▶ _Source data_
+--

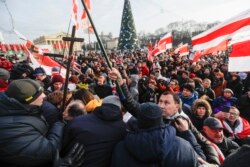 Стычка милиционеров в штатском с протестующими на Октябрьской площади в Минске, 7 декабря 2019. Фото: AP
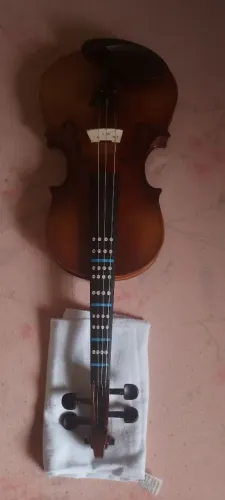 Violino semi-novo barato!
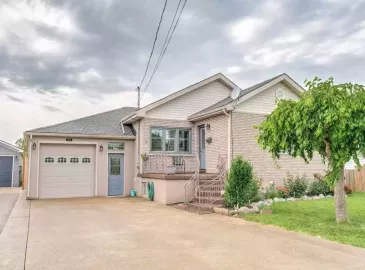 Stoney Creek, Ontario L8E1Z5, 3 Bedrooms Bedrooms, ,2 BathroomsBathrooms,Single Family,For Sale,H4140579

+--

Would you mind transcribing the material exactly, without the pictures?

▶ _Response_
 Стычка милиционеров в штатском с протестующими на Октябрьской площади в Минске, 7 декабря 2019. Фото: AP
 Violino semi-novo barato!
 Stoney Creek, Ontario L8E1Z5, 3 Bedrooms Bedrooms, ,2 BathroomsBathrooms,Single Family,For Sale,H4140579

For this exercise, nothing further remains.